A mudança na linha de investigação ocorreu após a análise de imagens de uma praça de pedágio na rodovia MG-050. Os vídeos mostram Henay desacordada ao volante, enquanto Alison estava no banco do passageiro. Em determinado momento, ele se inclina para dirigir o veículo de forma improvisada.
A atitude chamou a atenção da atendente do pedágio, que chegou a questionar se estava tudo bem. Alison afirmou que a companheira passava mal e disse que procuraria atendimento médico, o que não aconteceu.
Cerca de nove minutos depois, o carro invadiu a contramão e colidiu frontalmente com um ônibus de turismo. Henay morreu no local. O suspeito sobreviveu.
Indícios de homicídio
De acordo com a Polícia Civil, as lesões encontradas no corpo da vítima não eram compatíveis apenas com o impacto da colisão, levantando a suspeita de que ela já estivesse inconsciente ou morta antes do acidente. O sepultamento chegou a ser adiado para a realização de novos exames periciais.

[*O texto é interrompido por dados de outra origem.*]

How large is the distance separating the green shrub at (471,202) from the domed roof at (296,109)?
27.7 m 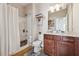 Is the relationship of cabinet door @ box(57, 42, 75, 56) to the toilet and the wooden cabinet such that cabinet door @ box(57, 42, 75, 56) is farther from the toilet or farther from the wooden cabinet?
the toilet

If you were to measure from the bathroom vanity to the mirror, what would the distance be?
0.29 feet

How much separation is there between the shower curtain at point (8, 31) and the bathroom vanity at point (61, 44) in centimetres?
46

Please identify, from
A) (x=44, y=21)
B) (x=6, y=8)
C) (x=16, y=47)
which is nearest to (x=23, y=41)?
(x=16, y=47)

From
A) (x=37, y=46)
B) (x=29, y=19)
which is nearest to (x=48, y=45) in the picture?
(x=37, y=46)

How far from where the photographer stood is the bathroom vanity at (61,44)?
1.75m

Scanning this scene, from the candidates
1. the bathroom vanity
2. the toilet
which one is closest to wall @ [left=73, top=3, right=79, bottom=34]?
the bathroom vanity

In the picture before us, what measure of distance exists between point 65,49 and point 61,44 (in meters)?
0.10

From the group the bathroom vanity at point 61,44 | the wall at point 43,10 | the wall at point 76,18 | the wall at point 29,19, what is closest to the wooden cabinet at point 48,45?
the bathroom vanity at point 61,44

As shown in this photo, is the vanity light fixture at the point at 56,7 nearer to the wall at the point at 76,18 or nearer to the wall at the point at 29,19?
the wall at the point at 76,18

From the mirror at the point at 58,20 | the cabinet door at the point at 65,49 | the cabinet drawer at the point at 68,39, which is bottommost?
the cabinet door at the point at 65,49

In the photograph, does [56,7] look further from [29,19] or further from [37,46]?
[37,46]

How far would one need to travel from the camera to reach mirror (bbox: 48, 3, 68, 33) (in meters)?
1.76

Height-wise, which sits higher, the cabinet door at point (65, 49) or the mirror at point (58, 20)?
the mirror at point (58, 20)

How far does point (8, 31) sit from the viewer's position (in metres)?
1.81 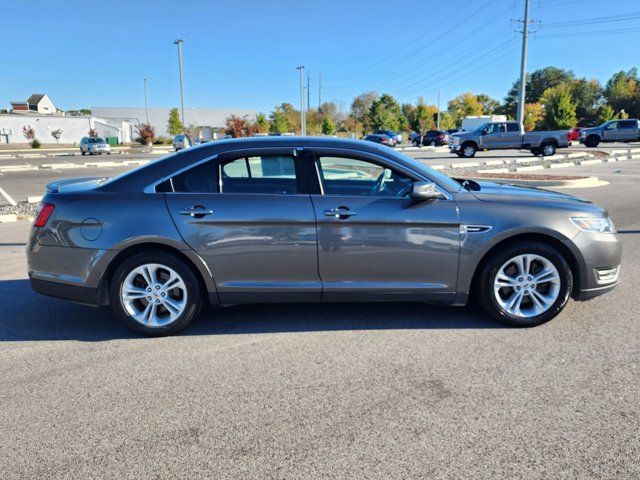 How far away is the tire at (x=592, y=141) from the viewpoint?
39812mm

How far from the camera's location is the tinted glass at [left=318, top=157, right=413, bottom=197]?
435 cm

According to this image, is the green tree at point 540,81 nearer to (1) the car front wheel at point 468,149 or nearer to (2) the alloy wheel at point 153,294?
(1) the car front wheel at point 468,149

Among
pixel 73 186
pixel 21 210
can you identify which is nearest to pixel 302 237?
pixel 73 186

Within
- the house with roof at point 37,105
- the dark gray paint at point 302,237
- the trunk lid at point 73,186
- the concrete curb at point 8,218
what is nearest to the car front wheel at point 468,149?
the concrete curb at point 8,218

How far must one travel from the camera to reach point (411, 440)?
2.81m

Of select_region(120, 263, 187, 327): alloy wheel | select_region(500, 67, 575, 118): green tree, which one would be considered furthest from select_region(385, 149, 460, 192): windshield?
select_region(500, 67, 575, 118): green tree

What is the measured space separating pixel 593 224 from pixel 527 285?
77 cm

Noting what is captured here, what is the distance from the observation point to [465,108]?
101m

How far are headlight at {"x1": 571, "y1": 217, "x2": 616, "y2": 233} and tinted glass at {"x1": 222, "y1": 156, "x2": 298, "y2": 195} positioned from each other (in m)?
2.40

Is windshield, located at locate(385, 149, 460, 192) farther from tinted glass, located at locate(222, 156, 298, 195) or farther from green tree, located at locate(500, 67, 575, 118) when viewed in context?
green tree, located at locate(500, 67, 575, 118)

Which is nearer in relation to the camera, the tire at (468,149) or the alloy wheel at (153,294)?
the alloy wheel at (153,294)

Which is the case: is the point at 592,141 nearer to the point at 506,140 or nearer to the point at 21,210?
the point at 506,140

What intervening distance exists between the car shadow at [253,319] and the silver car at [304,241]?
280 mm

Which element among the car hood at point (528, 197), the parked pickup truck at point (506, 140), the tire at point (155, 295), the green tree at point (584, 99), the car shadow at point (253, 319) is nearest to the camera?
the tire at point (155, 295)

Diante dos indícios e das imagens do pedágio, o caso passou a ser tratado oficialmente como feminicídio.
Prisão no velório
Alison foi localizado e preso enquanto participava do velório da companheira. Em depoimento, ele confessou o crime, afirmando que matou Henay e simulou o acidente para tentar despistar a polícia.
Histórico de violência
A Polícia Civil investiga se Henay já vinha sofrendo violência doméstica. Mensagens, fotos e registros hospitalares encontrados nos celulares do casal estão sendo analisados. Os aparelhos foram apreendidos e encaminhados para perícia.
O inquérito segue em andamento, aguardando o laudo de necropsia e a conclusão dos depoimentos para a formalização da tipificação do crime.